Data modeling and machine learning are an important part of the research we do at Aspect. We were therefore delighted to welcome a cohort of students into the world of algorithmic trading for a 2022 machine learning challenge in collaboration with the Oxford Strategy Group Digital (OSGD), an Oxford-based machine learning consulting society run by students. The OSGD x Aspect Capital Quant ML Challenge was Aspect’s second event run in collaboration with a student organization, following the success of the 2021 Algothon run in partnership with the Imperial Algorithmic Trading Society.
The OSGD x Aspect Capital Quant ML Challenge was hosted as a Kaggle community contest. Kaggle is a popular platform in the data science community and allowed excellent collaboration between the teams who entered and those reviewing submissions.
Aiming to give contestants an insight into the world of algorithmic trading, we wanted to set a problem that was both challenging and realistic. We settled on the challenge of forecasting the overnight performance of a selection of liquid futures contracts. Contestants would need to try to understand how trading activity during the daytime relates to subsequent activity during the night-time session, and in particular which assets experience shifting dynamics as trading volume moves around the globe.
Contestants were then assessed on their ability to predict the overnight Sharpe ratio of an asset. Over the month that the contest was active, the top spot on the leaderboard changed hands many times due to the quality of the submissions produced and refined during the contest. The top three teams at the end of the event were then invited to present their work to a panel of judges, led by Darius Horbrian, one of Aspect’s Researchers, and a number of machine learning experts and quantitative researchers from his team.
Many congratulations to the winning teams, Chris C and ZQZ, who placed first and second respectively.
Approaches to the Challenge
To produce a top solution, teams needed to have a significant understanding of the data they were working with. Some assets trade globally, whereas others are predominantly traded in Europe. They needed to assess questions such as: How big are the correlations between assets and sectors? What is the biggest source of risk?
Having grasped the data, teams then needed to decide on a sensible benchmark and a model evaluation framework to robustly assess model performance.
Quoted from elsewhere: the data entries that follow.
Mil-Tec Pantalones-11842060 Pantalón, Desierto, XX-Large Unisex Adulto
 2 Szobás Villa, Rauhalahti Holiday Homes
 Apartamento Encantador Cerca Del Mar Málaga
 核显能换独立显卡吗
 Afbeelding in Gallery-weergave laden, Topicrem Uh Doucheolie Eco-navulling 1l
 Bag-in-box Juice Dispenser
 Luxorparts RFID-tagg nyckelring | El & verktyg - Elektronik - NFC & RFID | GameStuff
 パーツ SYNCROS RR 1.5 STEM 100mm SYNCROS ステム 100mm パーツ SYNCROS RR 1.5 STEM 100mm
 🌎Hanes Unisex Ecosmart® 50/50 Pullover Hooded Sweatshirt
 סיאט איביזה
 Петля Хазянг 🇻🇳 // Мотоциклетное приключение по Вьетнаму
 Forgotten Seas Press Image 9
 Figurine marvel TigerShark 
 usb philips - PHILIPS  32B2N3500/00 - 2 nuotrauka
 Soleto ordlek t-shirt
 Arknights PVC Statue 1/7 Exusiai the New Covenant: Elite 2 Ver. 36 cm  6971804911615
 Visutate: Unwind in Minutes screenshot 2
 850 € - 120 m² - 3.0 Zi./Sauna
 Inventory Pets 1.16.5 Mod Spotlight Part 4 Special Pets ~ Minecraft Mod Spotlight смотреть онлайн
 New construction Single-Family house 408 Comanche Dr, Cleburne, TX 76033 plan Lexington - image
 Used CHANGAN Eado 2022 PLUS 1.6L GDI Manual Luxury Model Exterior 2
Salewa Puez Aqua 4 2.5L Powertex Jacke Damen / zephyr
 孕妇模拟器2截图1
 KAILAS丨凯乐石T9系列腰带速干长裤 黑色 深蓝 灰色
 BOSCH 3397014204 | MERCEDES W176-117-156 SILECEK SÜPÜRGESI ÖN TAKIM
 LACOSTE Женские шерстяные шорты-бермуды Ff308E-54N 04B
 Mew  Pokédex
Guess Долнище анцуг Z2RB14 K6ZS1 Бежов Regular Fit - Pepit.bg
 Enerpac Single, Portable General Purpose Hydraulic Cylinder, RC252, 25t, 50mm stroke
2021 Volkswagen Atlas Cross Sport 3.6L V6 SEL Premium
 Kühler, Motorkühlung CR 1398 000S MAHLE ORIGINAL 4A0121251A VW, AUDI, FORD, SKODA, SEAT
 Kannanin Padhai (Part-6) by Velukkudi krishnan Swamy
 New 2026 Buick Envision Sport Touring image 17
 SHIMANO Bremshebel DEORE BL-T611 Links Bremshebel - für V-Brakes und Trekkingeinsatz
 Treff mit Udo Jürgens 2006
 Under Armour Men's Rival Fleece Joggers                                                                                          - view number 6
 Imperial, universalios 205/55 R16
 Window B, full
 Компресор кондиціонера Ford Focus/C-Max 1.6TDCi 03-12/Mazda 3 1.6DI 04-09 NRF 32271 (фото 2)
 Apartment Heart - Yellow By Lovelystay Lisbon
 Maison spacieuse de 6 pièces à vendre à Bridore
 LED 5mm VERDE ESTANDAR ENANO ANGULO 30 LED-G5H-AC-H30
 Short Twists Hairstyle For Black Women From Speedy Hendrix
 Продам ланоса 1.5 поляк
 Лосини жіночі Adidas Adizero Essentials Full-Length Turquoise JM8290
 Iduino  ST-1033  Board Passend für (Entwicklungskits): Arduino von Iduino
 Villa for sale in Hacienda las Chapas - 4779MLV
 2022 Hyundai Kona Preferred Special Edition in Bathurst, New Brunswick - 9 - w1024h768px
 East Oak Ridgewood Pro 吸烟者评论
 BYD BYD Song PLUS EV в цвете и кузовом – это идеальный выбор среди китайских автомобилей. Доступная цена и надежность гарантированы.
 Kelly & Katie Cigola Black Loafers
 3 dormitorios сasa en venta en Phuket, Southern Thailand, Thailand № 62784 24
There were three key themes persistent in the top 5 submissions:
- Rapid iteration: This means ensuring that once built, a model is quickly deployed and then updated as and when needed
- Robust evaluation: Having the ability to retrain the model on a new data set and still achieve the desired behavior
- Feature selection: The process of selecting a subset of relevant variables for use during model construction
The contest ran for over a month, meaning that teams needed to have a sensible methodology to quickly evaluate and improve models; a robust evaluation framework is key to this.
Feature engineering is the process of using domain knowledge to extract more information from raw data. The teams who engineered financially relevant features tended to have stronger model performance. This highlights the importance of a strong grounding in the mechanics of financial markets when building algorithms to interpret market data, as a good financial intuition helps to cut through the noise.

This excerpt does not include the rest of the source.